▶ [What is expected] Only the lines from the one with "integration" to the end of the data, both ends included, should be output, exactly as they stand and without pictures.

:: Given information

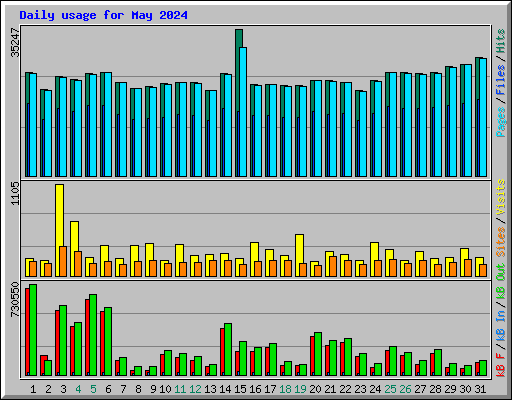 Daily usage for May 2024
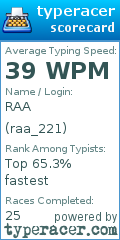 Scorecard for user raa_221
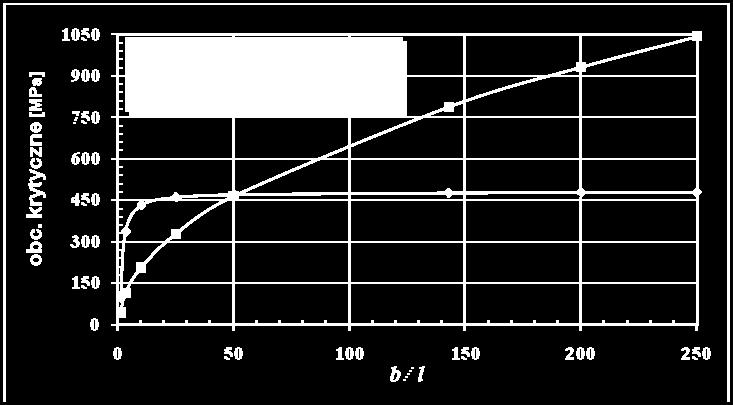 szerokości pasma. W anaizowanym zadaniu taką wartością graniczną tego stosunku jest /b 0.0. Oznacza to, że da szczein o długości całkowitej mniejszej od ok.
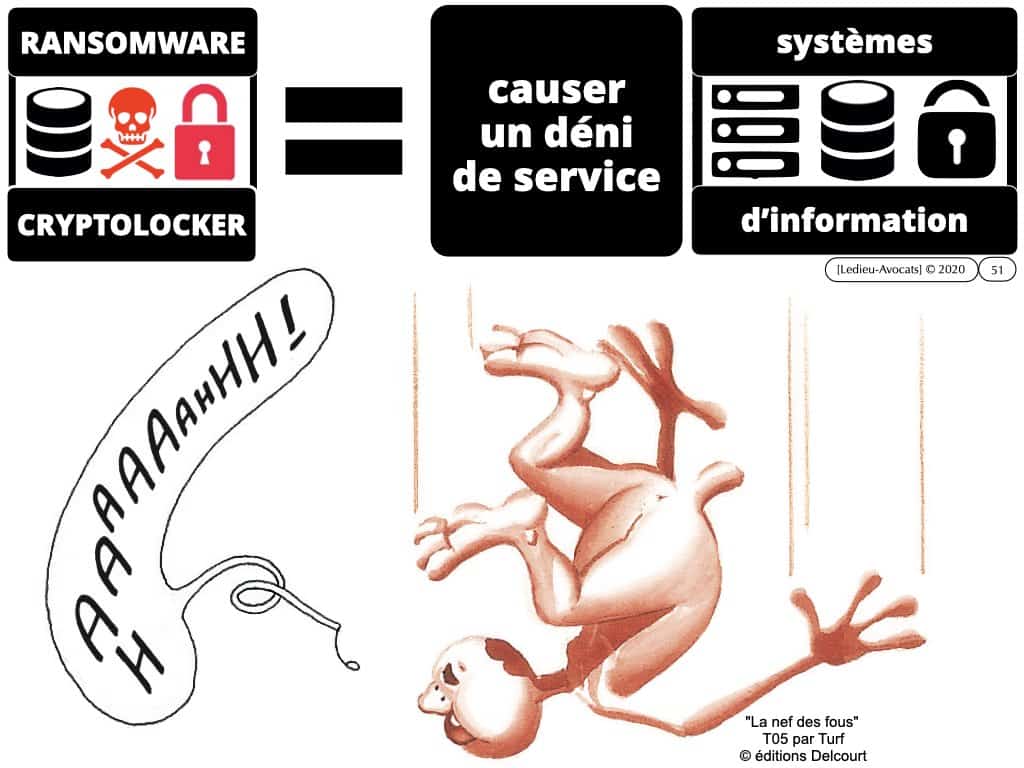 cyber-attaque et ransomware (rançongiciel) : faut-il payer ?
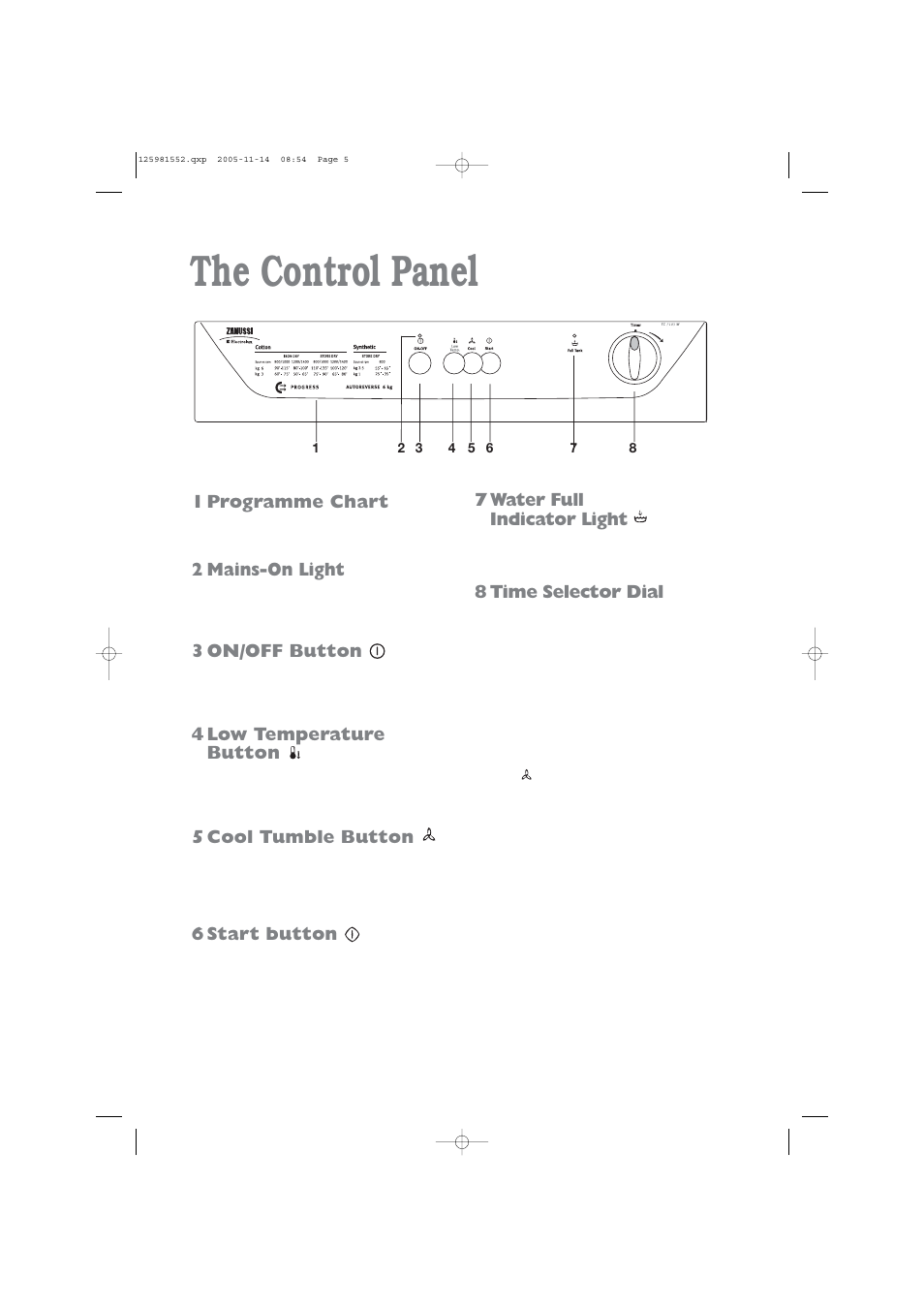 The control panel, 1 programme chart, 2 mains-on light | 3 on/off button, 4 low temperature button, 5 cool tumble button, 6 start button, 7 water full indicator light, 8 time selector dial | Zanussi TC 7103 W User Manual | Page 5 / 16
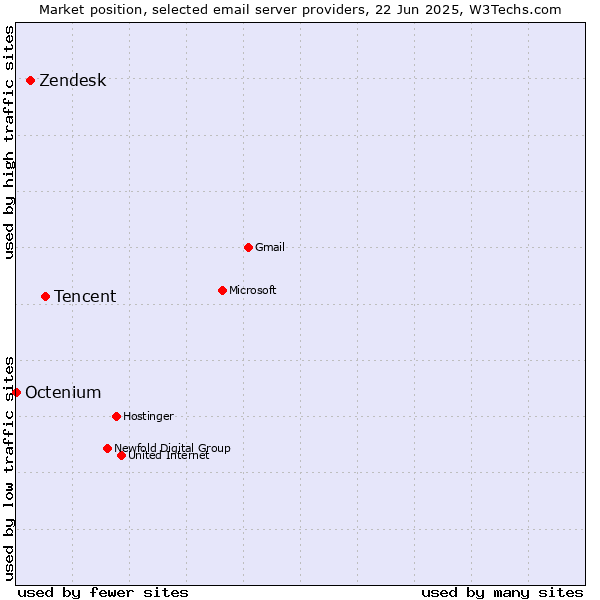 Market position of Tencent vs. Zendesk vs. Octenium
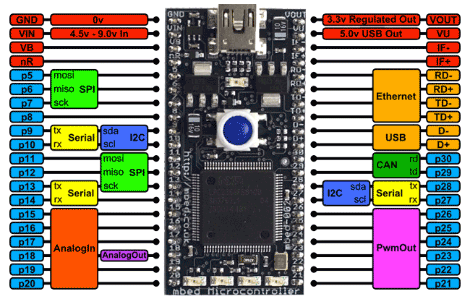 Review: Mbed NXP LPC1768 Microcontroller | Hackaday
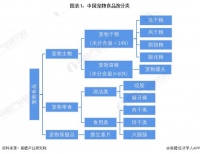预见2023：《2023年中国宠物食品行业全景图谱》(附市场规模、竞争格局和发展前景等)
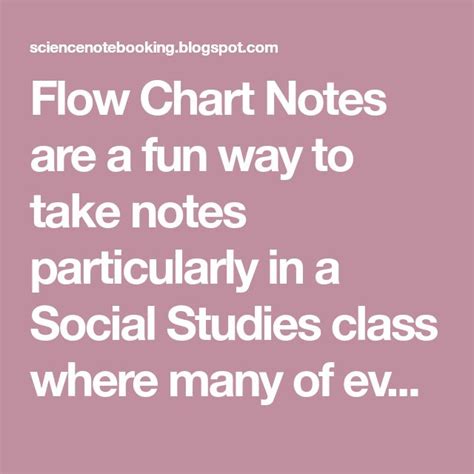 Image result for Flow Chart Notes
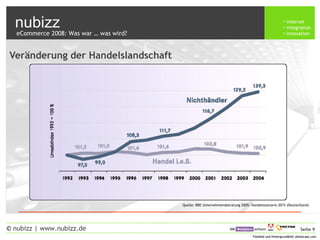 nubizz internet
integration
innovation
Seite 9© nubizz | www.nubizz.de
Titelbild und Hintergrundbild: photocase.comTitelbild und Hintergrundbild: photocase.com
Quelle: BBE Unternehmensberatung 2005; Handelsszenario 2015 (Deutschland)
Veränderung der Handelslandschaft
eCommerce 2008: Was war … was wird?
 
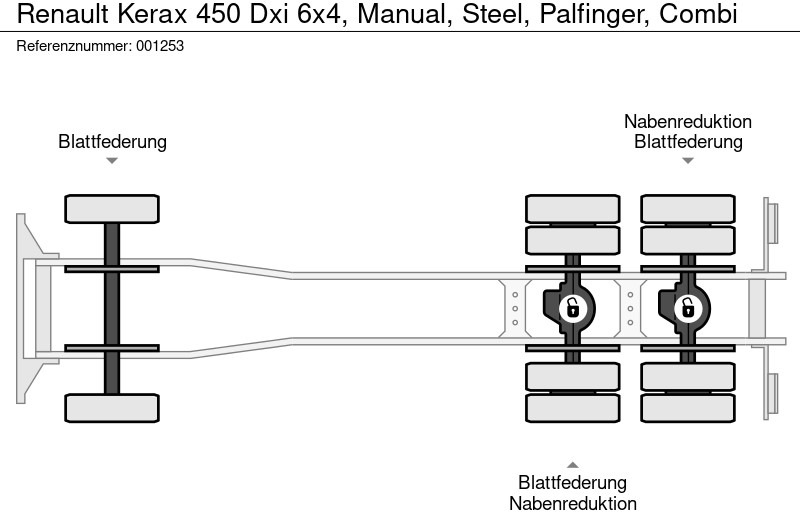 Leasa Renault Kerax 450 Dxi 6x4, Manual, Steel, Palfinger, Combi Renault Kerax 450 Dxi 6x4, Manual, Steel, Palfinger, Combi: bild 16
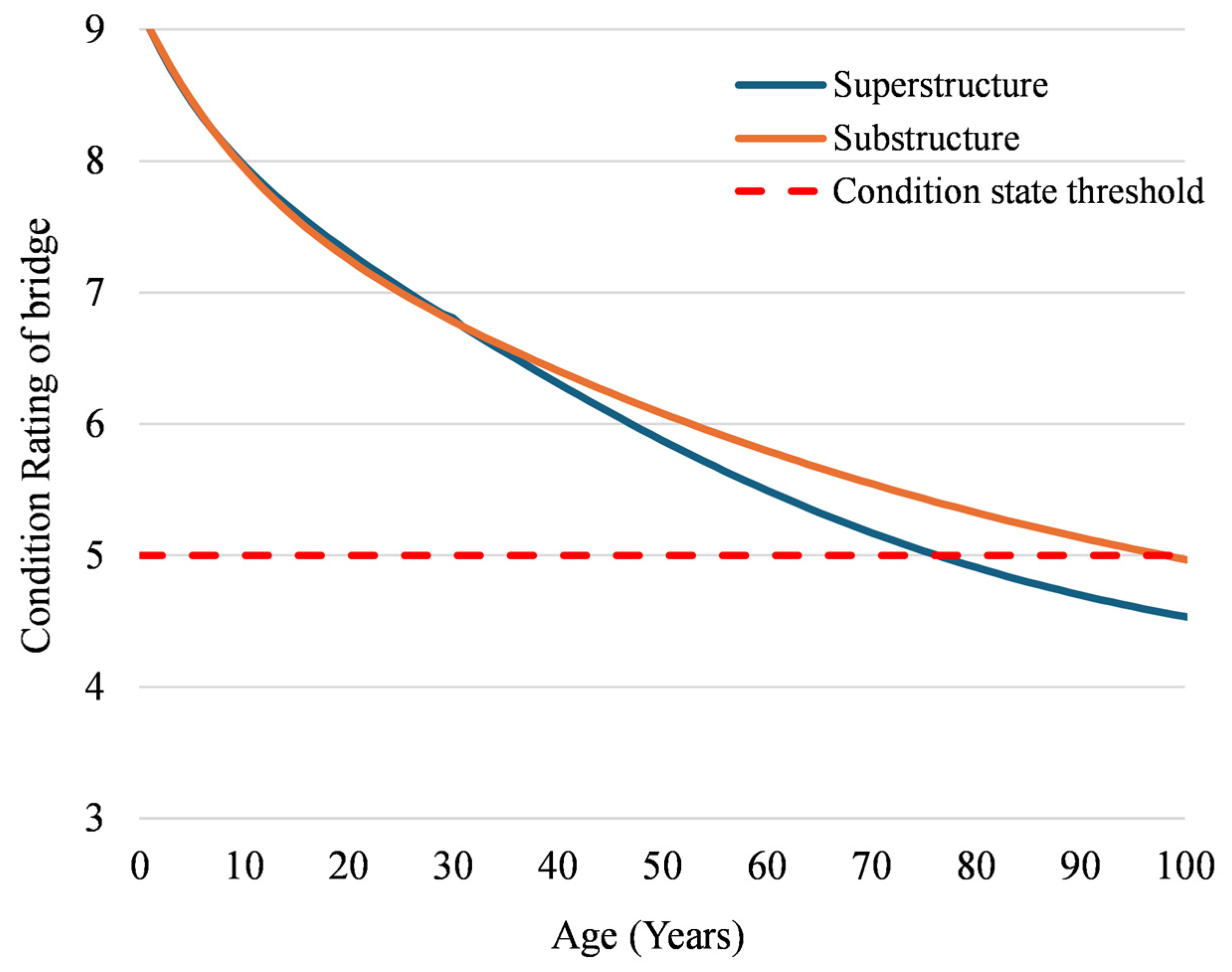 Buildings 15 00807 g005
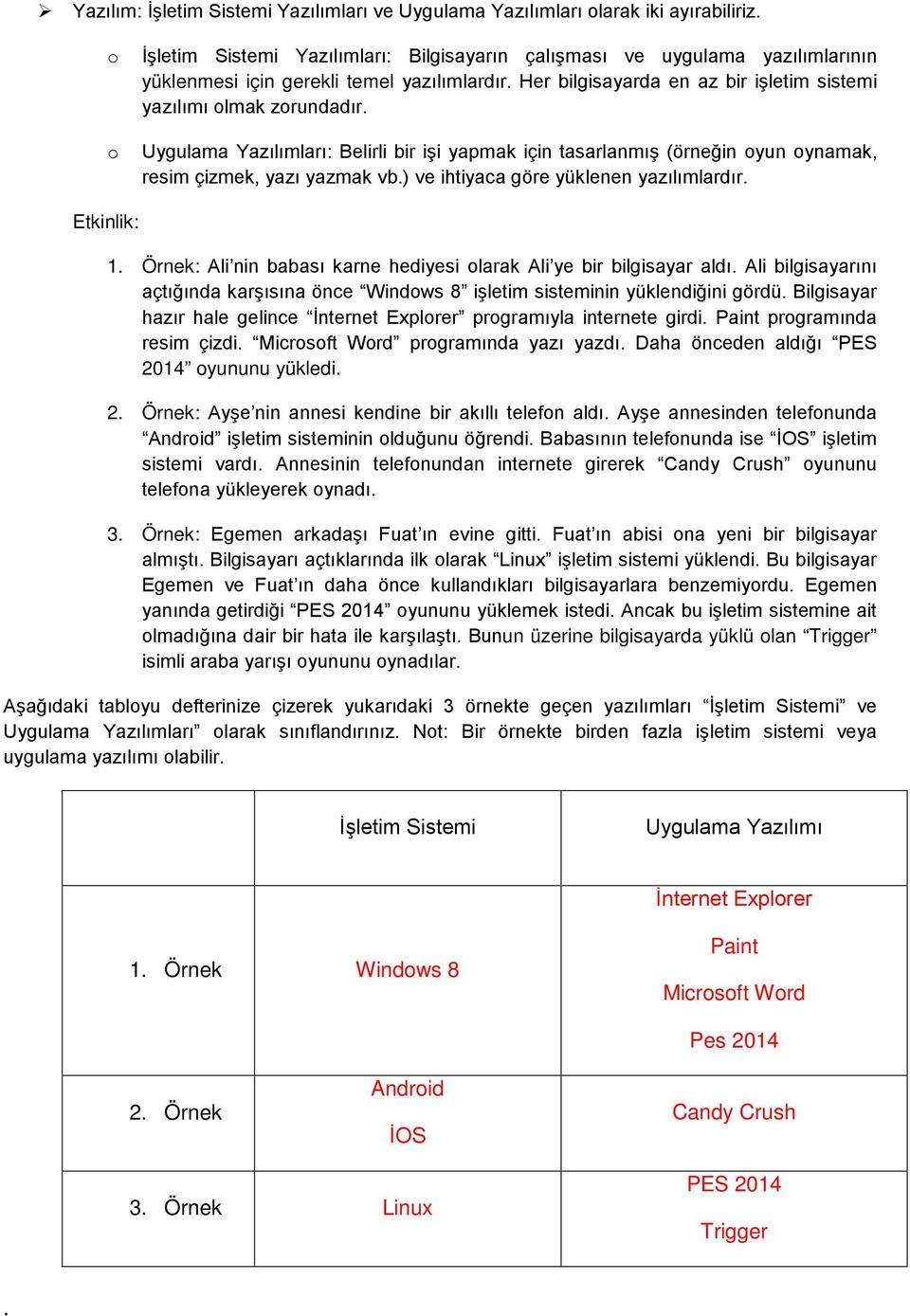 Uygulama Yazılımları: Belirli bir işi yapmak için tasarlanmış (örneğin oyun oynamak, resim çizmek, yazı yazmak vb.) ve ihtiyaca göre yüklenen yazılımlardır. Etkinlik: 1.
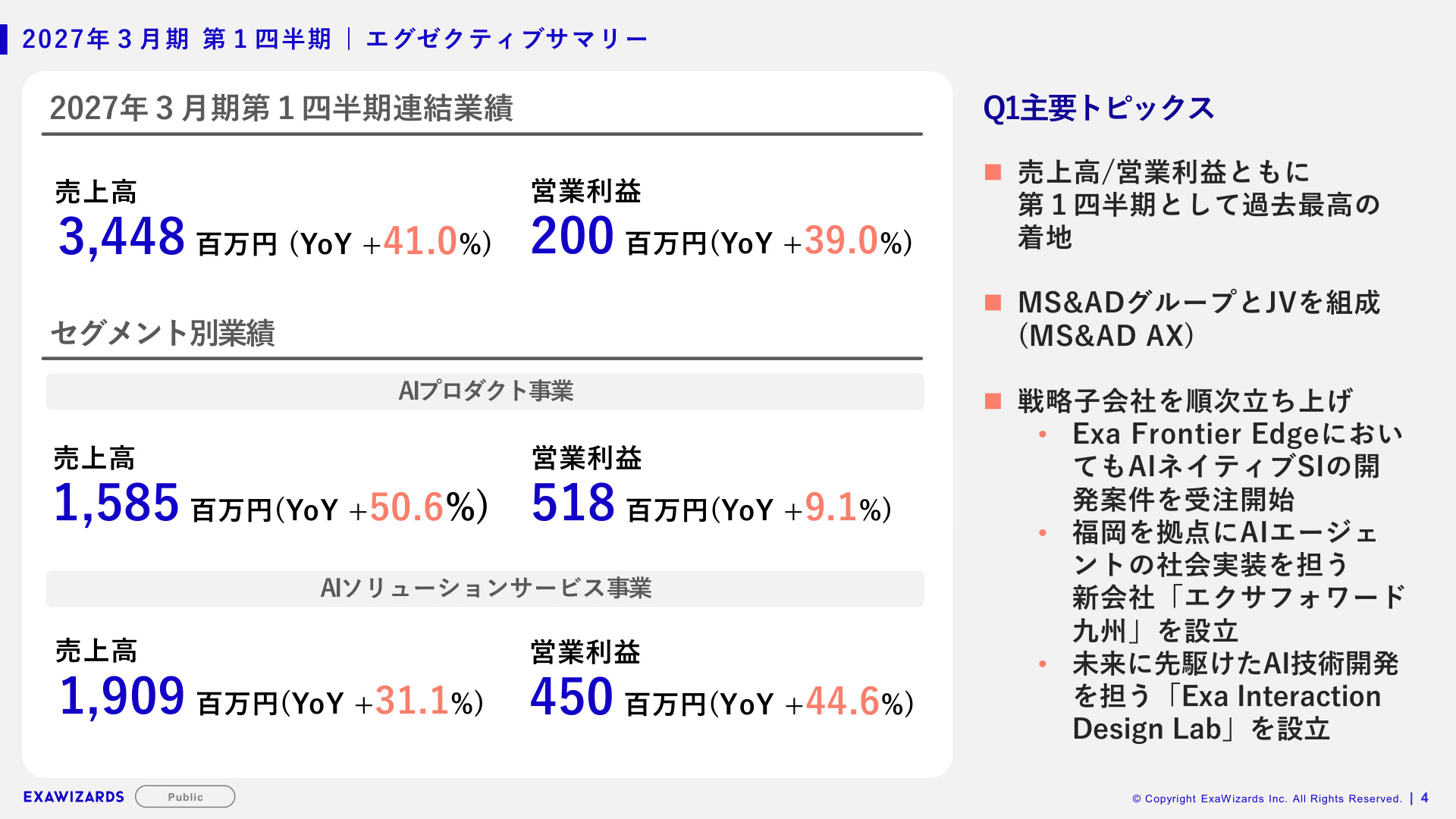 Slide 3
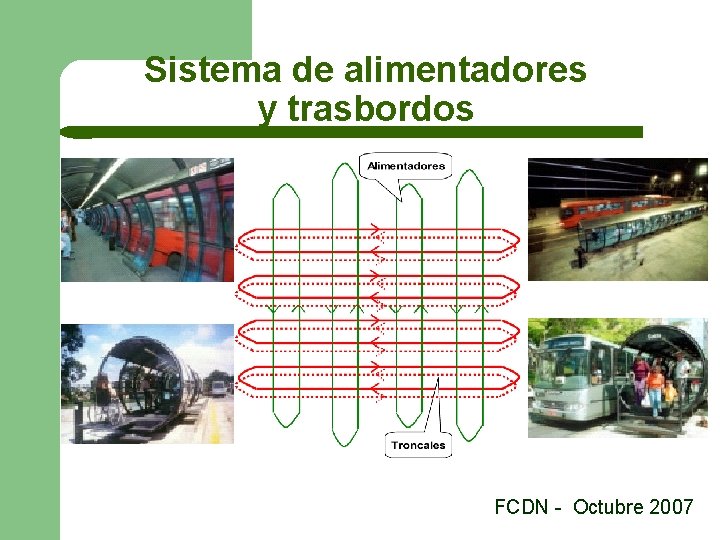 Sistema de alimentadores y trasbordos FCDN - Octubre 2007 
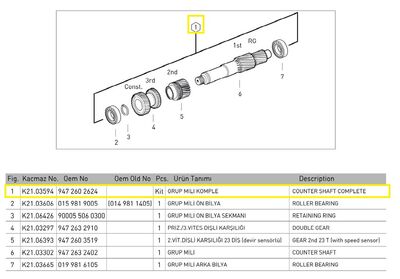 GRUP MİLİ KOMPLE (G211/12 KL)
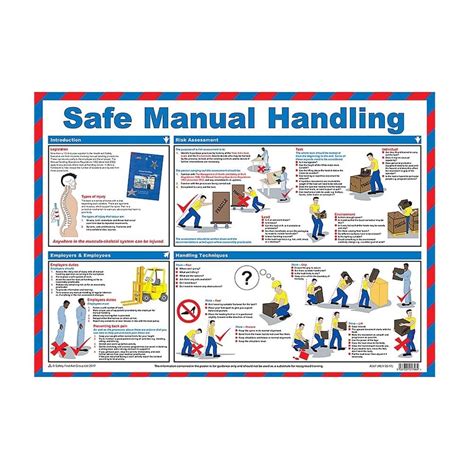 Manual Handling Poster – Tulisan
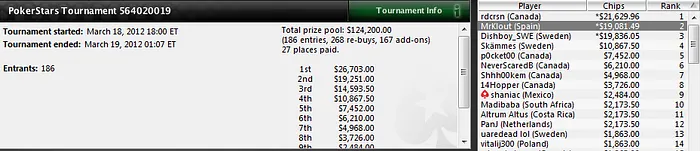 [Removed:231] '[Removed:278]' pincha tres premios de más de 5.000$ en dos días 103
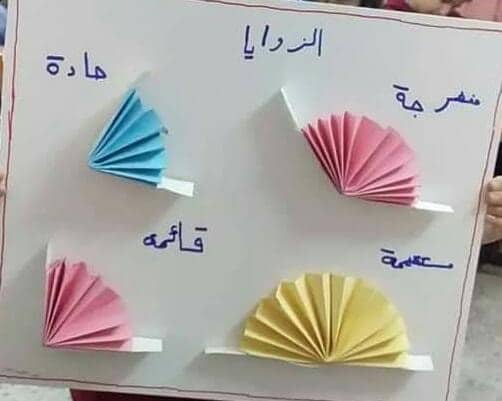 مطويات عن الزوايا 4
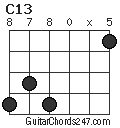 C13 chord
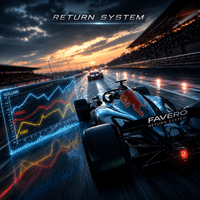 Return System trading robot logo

::::

▶ [Result for this task]
integration
innovation
Seite 9© nubizz | www.nubizz.de
Titelbild und Hintergrundbild: photocase.comTitelbild und Hintergrundbild: photocase.com
Quelle: BBE Unternehmensberatung 2005; Handelsszenario 2015 (Deutschland)
Veränderung der Handelslandschaft
eCommerce 2008: Was war … was wird?
 
 Leasa Renault Kerax 450 Dxi 6x4, Manual, Steel, Palfinger, Combi Renault Kerax 450 Dxi 6x4, Manual, Steel, Palfinger, Combi: bild 16
 Buildings 15 00807 g005
 Uygulama Yazılımları: Belirli bir işi yapmak için tasarlanmış (örneğin oyun oynamak, resim çizmek, yazı yazmak vb.) ve ihtiyaca göre yüklenen yazılımlardır. Etkinlik: 1.
 Slide 3
 Sistema de alimentadores y trasbordos FCDN - Octubre 2007 
 GRUP MİLİ KOMPLE (G211/12 KL)
 Manual Handling Poster – Tulisan
 [Removed:231] '[Removed:278]' pincha tres premios de más de 5.000$ en dos días 103
 مطويات عن الزوايا 4
 C13 chord
 Return System trading robot logo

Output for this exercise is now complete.